- **Supplied records**:
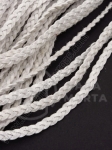 Umplutură din piele naturală 6mm albă 5 metri 421109
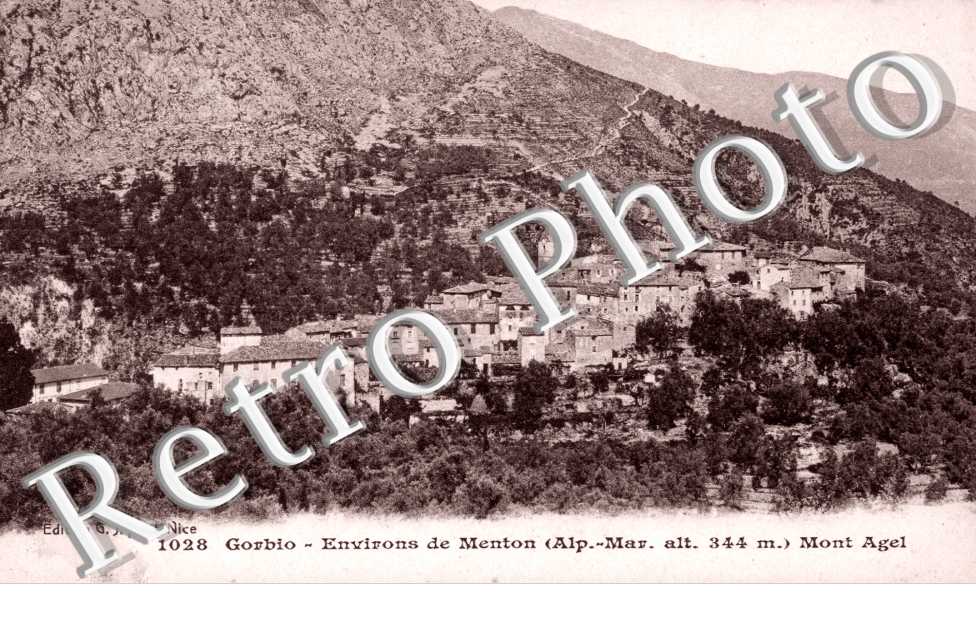 Vue generale, Mont Agel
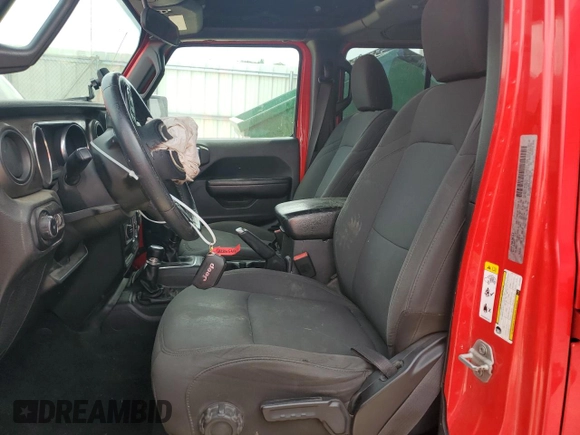 2018 Jeep Wrangler Unlimited Sport S z VIN 1C4HJXDG6JW165825, wystawiony jako Copart lot #59548785 z przebiegiem Nie podano mil oraz Nie do naprawy • Non repairable. Historia ofert i sprzedaży dostępna na DreamBid. Obrazek 7.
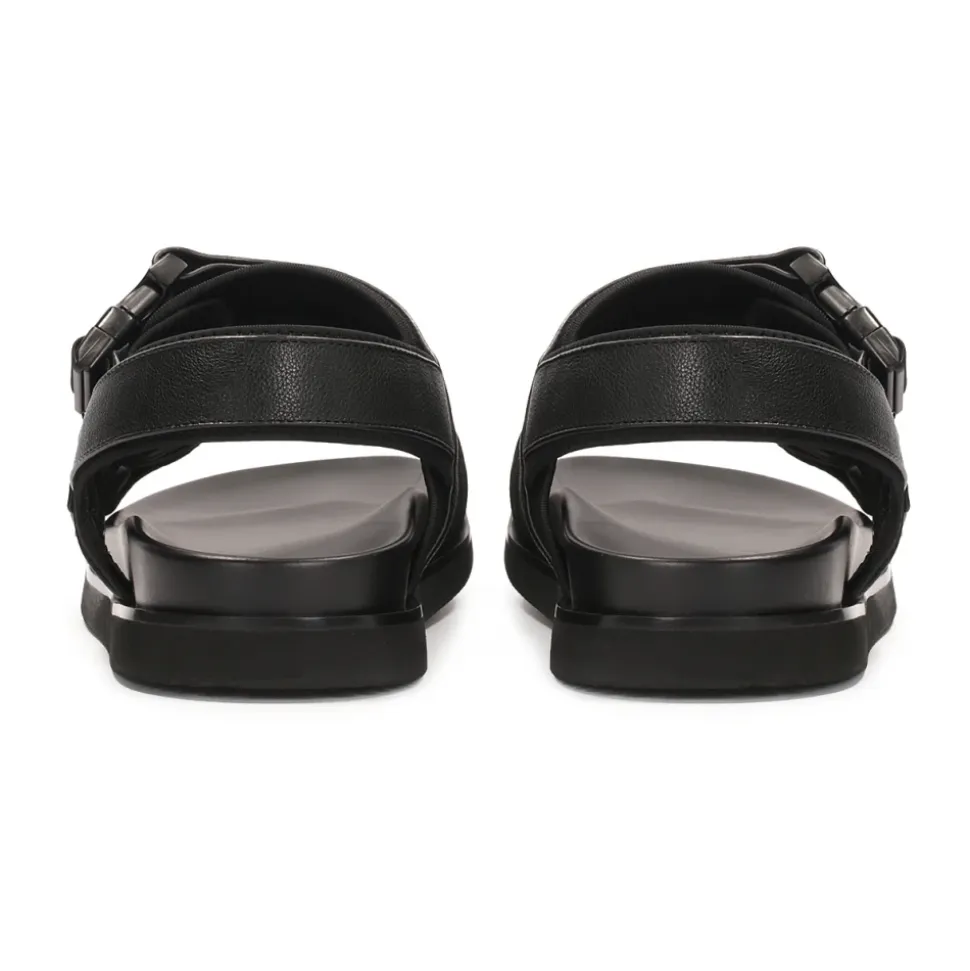 Sandales en cuir pour hommes avec brides réglables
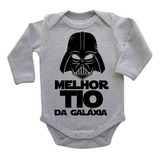 Body Bebê Baby Roupa Nenê Darth Vader Melhor Tio Titio Dindo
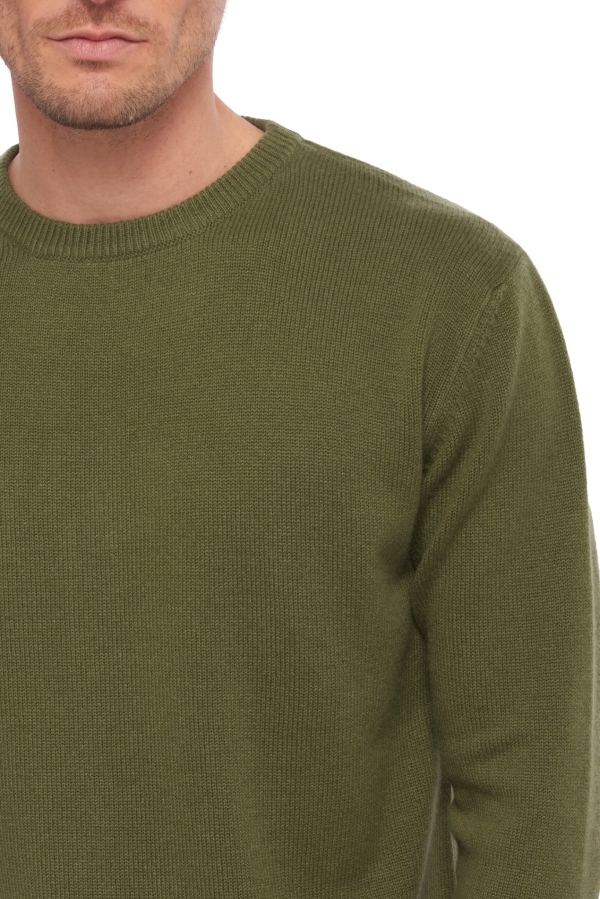 Cashmere men chunky sweater nestor 4f ivy green m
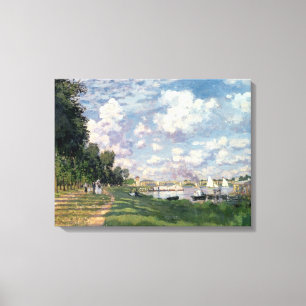 Claude Monet Marina te Argenteuil, 1872 Canvas Afdruk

- **Task to carry out**: Everything in the records above must be repeated exactly, except the pictures.

- **Reply to the exercise**:
 Umplutură din piele naturală 6mm albă 5 metri 421109
 Vue generale, Mont Agel
 2018 Jeep Wrangler Unlimited Sport S z VIN 1C4HJXDG6JW165825, wystawiony jako Copart lot #59548785 z przebiegiem Nie podano mil oraz Nie do naprawy • Non repairable. Historia ofert i sprzedaży dostępna na DreamBid. Obrazek 7.
 Sandales en cuir pour hommes avec brides réglables
 Body Bebê Baby Roupa Nenê Darth Vader Melhor Tio Titio Dindo
 Cashmere men chunky sweater nestor 4f ivy green m
 Claude Monet Marina te Argenteuil, 1872 Canvas Afdruk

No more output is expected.